Disagreements between bullish and bearish camps have since intensified. The bear camp points out that Allianz Research data shows the growth gap between AI investment and sales has reached 46%, with the degree of imbalance exceeding the 32% seen when the telecom bubble burst in 2001. The bull camp counters that although the average token price has plunged by 90% since 2023, total spending has still grown by nearly one time, meaning the index’s decline is merely the structural digestion of lower pricing driving consumption, and that the return on investment during the inference phase is, over the long run, far more optimistic than during the training phase.

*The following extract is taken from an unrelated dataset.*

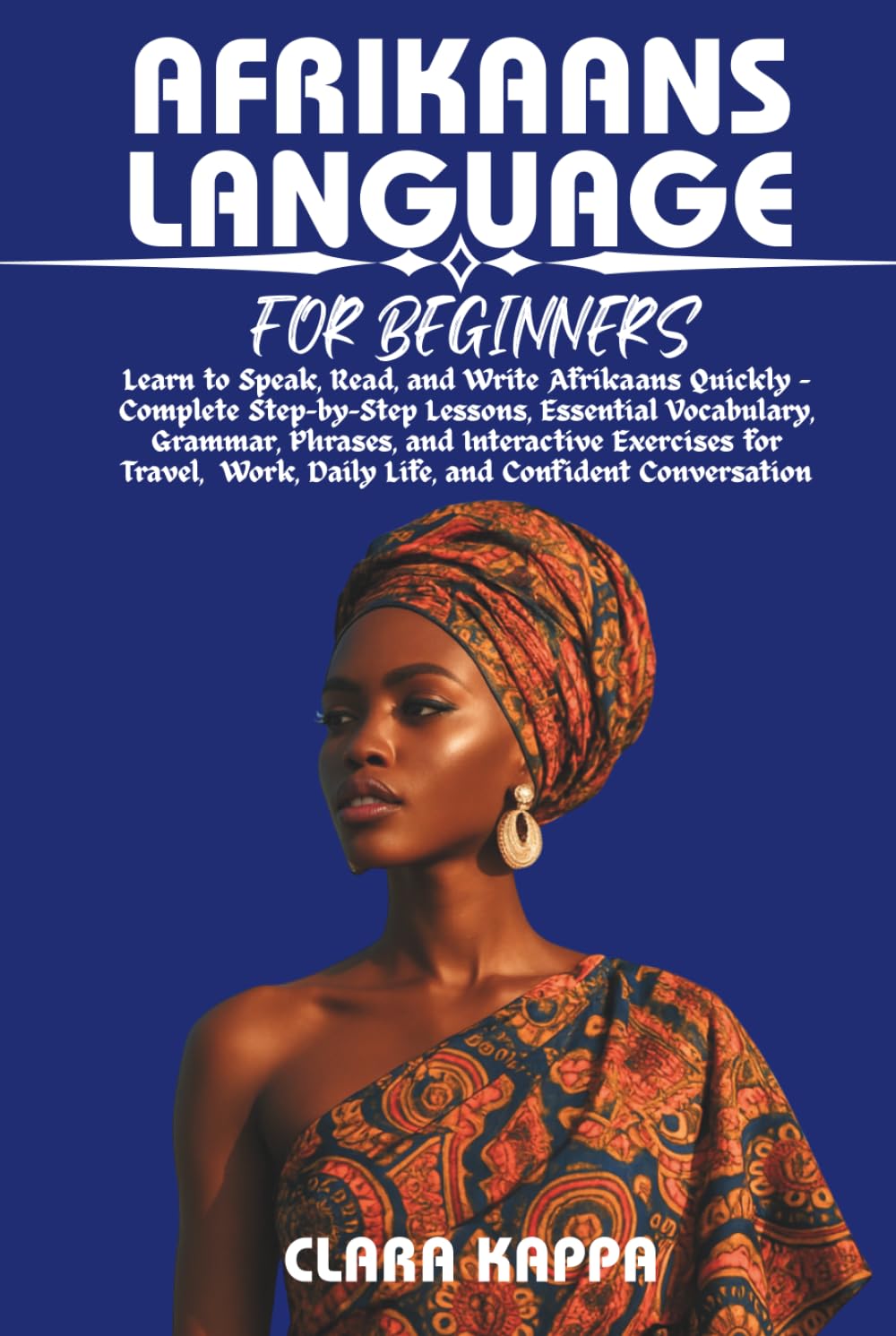AFRIKAANS LANGUAGE FOR BEGINNERS: Learn to Speak, Read, and Write Afrikaans Quickly – Complete Step-by-Step Lessons, Essential Vocabulary, Grammar, ... Conversation (Language Mastery Guides)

Strengthening policy and regulation is turning into implicit compliance costs for enterprise users. Washington has imposed more stringent policy reviews on the distribution of frontier models and cross-border access (such as release reviews for OpenAI and geopolitical export controls on Anthropic models), together with the EU AI Act’s strict compliance requirements for top-tier models, which places a heavy policy burden on leading platforms. To avoid geopolitical and compliance risks, corporate CFOs now have more rational reasons to proactively divert workloads toward mid- and smaller lightweight models that carry no regulatory burden.
Subtle changes are also emerging in the hardware chip sector. Although orders for top-tier GPUs and high-bandwidth memory HBM are already fully booked through 2026, and any meaningful easing of supply-and-demand is not expected until 2028, the market’s main purchasing force has begun shifting from training chips to inference-optimized hardware, and the winners’ structure is being reshuffled.